India’s Jindal Power & Steel started producing coal at its mine in Mozambique this month, with first exports expected by January next year.
Jindal plans to produce and ship 1.3 million tonnes of coal at its mine in Mozambique, ramping up to 10 million tonnes over three to four years, with potential to double that in the future.
This means South Africa’s neighbouring countries like Mozambique and Botswana are beginning to give Africa’s biggest economy a good run for its money when it comes to attracting foreign direct investment.
Investors are beginning to go to these countries for mining projects avoiding South Africa which is plagued by labour unrest and service delivery protests.
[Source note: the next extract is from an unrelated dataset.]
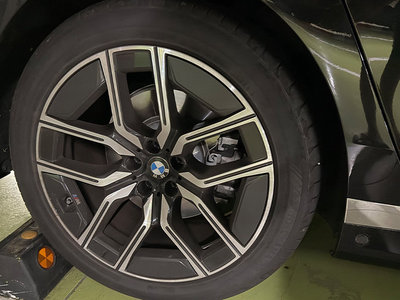 2025 BMW 7 SERIES thumbnail 19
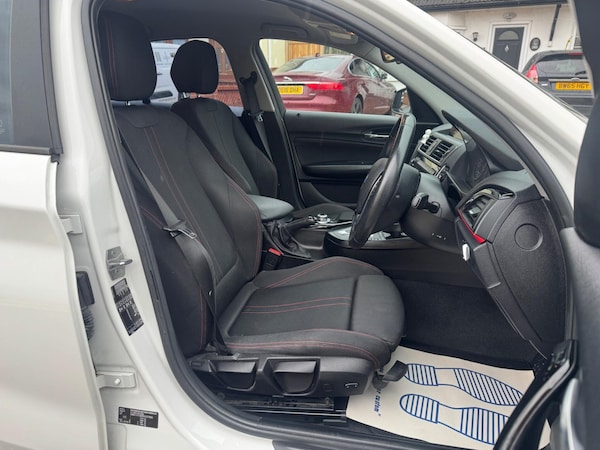Used BMW 1 Series 2016 for sale - 76349672: Photo 18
Ventures Africa understands that Botswana is now not only focused on diamond mining alone but has diversified into coal and other serious explorations. There is a lot of mining going on there now.
Speaking at an industry conference in Maputo this week, Jindal’s country head, Manoj Gupta, said there were also plans to upgrade the line further to eventually carry up to 18 million tonnes.
Jindal started producing coal at this Mozambican mine this month, with first exports expected by January next year.
“Production has already started. We expect our first shipment in the next few months, possibly by January,” Manoj Gupta told a Coaltrans conference in Maputo. The mine will produce both coking coal and thermal coal.The company’s mine is not linked to the Sena railway line which Vale and Rio Tinto are using to transport coal to the port at Beira, so Jindal plans to use trucks over 100 km (60 miles) to link up with the Sena line, according to Reuters.
The refurbishment of the Sena line to handle 6.5 million tonnes of coal a year has been delayed, forcing Vale to curtail production and exports this year.
Mozambique is a hot new destination for coal producers. However, the poor state of its infrastructure in a country that remains dirt poor despite rapid economic growth in recent years remains an obstacle to developing the industry.